Honoring Families, Infants, and Ourselves
By Britt Days, BSN, RN
NANN Footprints: Stories from the NICU July 2019
The doctors say that the future doesn’t look bright for you. They give your parents dire statistics about what your life will look like. It includes tubes and wires and wheelchairs. It doesn’t include walking and talking and all of the other milestones that children achieve during their development. The medical team offers your parents the opportunity to spare you from a life of dependency on artificial methods to live. Your parents decline because they grew up believing in life, at all costs. They do not want you to suffer. They love you so much. They do not want to change your care to comfort measures only because they hope for a miracle.
Your parents are from a different country. They require interpreters from a specific region of a foreign land. The medical team has numerous conversations to make sure that your parents understand. They do understand and they are prepared to face this fate.

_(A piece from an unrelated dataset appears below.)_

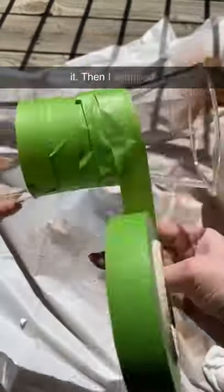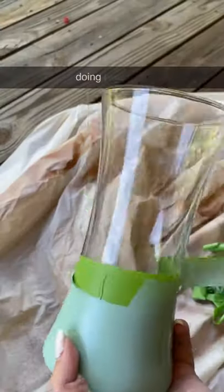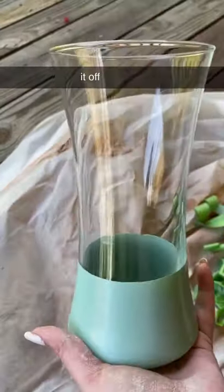So first I cleaned it, then I wrapped it with painter's tape — you have to make sure that edge is smooth. Then I spray painted. I ended up doing two coats of this before I peeled it off and then cleaned up my edges.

The team that cares for you struggles because your parents’ beliefs do not match the beliefs that they grew up with. Many would not make the same decisions as your parents. However, they see the love your parents have for you and they follow through with your parents’ wishes. They are comforted by a story they hear from a hospital nearby from people who were consulted on your case.
Another family had a critically ill child with a bleak prognosis. This family was from the same culture as your family. These parents wanted “everything done” to prolong the life of their child. When that child passed away, the father asked to see the body. When that boy’s father saw bruises on the chest of his young child, he was not upset. He was grateful to see proof that everything was done. It made him feel at peace. This story helped our team to feel comfortable following through with your parents’ wishes.
Eventually, during the holiday season, your body had enough and you pass away despite all of the work of the medical team. Everyone was sad. You and your parents have touched the lives of everyone who works in our NICU. Just as the story from the nearby hospital gave honor and comfort to our clinical team, they now share your story to honor you and your life.